LoRA Adapters¶
Load and manage LoRA (Low-Rank Adaptation) adapters for fine-tuned model behavior without reloading the full base model. LoRA enables task-specific customization with minimal memory overhead.
What is LoRA?¶
LoRA (Low-Rank Adaptation) is a technique for efficiently fine-tuning large language models. Instead of modifying all model weights, LoRA trains small "adapter" matrices that are applied on top of the frozen base model.

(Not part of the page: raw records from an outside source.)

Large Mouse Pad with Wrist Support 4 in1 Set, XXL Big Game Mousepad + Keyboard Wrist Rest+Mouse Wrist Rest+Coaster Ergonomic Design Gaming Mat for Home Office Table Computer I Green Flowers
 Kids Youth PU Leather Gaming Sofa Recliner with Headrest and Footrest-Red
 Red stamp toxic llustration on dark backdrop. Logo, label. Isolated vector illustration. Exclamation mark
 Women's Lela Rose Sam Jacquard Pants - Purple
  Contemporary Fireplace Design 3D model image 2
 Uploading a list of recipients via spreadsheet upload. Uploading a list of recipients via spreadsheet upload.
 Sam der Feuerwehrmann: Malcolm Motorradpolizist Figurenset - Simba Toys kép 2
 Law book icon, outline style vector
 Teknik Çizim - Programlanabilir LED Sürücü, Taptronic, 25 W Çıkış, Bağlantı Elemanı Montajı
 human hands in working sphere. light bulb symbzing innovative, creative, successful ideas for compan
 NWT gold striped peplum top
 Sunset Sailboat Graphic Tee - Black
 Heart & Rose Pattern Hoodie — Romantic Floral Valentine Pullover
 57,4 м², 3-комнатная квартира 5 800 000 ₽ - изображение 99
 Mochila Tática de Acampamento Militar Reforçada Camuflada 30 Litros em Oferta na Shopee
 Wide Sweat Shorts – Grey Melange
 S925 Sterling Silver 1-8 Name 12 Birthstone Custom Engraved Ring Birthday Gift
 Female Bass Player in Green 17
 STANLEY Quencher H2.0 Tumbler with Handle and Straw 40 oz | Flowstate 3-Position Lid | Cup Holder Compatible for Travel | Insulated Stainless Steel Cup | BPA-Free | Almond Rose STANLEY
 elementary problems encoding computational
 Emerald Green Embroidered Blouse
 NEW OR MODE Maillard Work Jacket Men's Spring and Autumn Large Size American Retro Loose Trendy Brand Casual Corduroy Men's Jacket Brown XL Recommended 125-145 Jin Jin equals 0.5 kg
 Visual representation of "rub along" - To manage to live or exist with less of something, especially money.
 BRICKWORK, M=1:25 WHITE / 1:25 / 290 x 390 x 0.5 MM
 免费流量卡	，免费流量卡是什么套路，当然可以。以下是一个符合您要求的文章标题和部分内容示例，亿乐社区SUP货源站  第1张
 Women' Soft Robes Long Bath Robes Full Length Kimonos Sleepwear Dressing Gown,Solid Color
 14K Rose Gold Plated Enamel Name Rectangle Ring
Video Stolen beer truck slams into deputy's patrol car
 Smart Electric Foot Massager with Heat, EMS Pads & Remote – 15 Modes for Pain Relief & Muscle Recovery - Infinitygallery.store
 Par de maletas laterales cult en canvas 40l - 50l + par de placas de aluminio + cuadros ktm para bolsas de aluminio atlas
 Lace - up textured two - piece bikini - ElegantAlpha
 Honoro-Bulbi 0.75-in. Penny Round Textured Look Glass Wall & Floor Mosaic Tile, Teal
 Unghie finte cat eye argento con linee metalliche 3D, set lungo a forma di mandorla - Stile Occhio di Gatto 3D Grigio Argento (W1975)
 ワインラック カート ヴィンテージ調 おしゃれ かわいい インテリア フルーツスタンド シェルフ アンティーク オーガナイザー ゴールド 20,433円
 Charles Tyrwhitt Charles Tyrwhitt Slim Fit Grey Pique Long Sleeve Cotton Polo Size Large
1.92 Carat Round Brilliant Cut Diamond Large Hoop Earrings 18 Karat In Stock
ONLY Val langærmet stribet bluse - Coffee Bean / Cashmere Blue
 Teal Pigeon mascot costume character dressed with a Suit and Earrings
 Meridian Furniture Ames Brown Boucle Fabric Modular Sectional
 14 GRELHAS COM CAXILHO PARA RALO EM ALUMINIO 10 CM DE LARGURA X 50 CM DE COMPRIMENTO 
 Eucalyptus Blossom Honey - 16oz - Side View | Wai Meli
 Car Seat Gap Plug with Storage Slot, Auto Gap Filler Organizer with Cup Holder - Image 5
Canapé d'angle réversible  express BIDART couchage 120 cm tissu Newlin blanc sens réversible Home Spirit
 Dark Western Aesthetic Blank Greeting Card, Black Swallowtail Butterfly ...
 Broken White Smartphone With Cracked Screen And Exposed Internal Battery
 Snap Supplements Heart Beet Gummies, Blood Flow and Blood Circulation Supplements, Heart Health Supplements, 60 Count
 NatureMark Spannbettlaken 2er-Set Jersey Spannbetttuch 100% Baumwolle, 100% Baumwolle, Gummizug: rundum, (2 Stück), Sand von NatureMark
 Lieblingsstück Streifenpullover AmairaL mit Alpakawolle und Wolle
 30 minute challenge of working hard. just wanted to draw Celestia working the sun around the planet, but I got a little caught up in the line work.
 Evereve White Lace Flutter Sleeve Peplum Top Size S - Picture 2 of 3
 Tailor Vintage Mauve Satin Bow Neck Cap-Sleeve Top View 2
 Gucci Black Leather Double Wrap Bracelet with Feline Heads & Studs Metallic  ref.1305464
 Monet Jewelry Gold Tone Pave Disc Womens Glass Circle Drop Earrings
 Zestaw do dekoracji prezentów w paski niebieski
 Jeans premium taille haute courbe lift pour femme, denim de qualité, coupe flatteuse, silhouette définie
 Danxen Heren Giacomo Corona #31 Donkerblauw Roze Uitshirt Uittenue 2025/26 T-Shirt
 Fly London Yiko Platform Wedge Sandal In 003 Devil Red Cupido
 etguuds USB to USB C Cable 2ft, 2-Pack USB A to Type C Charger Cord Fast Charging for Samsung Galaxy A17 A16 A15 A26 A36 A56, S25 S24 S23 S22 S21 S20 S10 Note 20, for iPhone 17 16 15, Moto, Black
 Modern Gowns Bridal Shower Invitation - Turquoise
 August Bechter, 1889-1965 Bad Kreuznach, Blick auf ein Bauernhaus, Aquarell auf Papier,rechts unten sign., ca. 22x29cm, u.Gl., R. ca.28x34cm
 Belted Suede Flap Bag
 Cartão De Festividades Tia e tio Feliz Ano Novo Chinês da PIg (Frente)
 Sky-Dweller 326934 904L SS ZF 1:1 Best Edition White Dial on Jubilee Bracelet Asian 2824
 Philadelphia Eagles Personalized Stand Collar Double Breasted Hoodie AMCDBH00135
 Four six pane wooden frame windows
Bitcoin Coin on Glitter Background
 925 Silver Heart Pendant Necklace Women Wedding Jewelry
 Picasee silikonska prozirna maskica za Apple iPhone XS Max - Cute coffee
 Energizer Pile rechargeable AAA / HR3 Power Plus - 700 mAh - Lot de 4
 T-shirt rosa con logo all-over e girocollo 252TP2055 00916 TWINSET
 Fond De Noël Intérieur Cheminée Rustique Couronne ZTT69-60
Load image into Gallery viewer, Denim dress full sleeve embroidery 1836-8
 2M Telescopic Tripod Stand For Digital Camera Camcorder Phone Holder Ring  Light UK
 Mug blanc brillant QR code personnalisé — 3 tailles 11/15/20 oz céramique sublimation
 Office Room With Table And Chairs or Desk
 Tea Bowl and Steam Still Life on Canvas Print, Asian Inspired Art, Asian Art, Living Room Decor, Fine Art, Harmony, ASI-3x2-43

This means:
- Small file sizes -- Adapters are typically 10-100 MB vs. multi-GB base models
- Fast switching -- Swap adapters without reloading the base model
- Composable -- Apply multiple adapters simultaneously
- Memory efficient -- One base model serves many fine-tuned variants
Loading LoRA Adapters¶
Apply a LoRA adapter to a loaded model:
import { Model, Context, LoRAAdapter } from 'mullama';
const model = await Model.load('./base-model.gguf');
// Load and apply a LoRA adapter
const adapter = await LoRAAdapter.load('./adapter.gguf');
model.applyAdapter(adapter);
const context = new Context(model);
const response = await context.generate("Hello!", 100);
console.log(response);
use mullama::{Model, Context, ContextParams, LoRAAdapter};
use std::sync::Arc;
let model = Arc::new(Model::load("base-model.gguf")?);
// Load and apply a LoRA adapter
let adapter = LoRAAdapter::load("adapter.gguf")?;
model.apply_adapter(&adapter)?;
let mut context = Context::new(model, ContextParams::default())?;
let response = context.generate("Hello!", 100)?;
println!("{}", response);
Scale Adjustment¶
Control how strongly the adapter affects the output with a scale factor:
Scale Tuning
Start with scale 1.0 and reduce if the adapter's influence is too strong (e.g., if it causes repetition or loses general ability). A scale of 0.5-0.8 often provides a good balance between specialization and general capability.
Multiple Adapters¶
Apply multiple LoRA adapters simultaneously for combined specialization:
import { Model, LoRAAdapter, LoRAManager } from 'mullama';
const model = await Model.load('./base-model.gguf');
// Load multiple adapters
const codeAdapter = await LoRAAdapter.load('./code-adapter.gguf');
const styleAdapter = await LoRAAdapter.load('./style-adapter.gguf');
// Apply with different scales
const manager = new LoRAManager(model);
manager.add(codeAdapter, { scale: 0.8, name: 'code' });
manager.add(styleAdapter, { scale: 0.5, name: 'style' });
const context = new Context(model);
const response = await context.generate("Write a function:", 200);
from mullama import Model, LoRAAdapter, LoRAManager
model = Model.load("./base-model.gguf")
# Load multiple adapters
code_adapter = LoRAAdapter.load("./code-adapter.gguf")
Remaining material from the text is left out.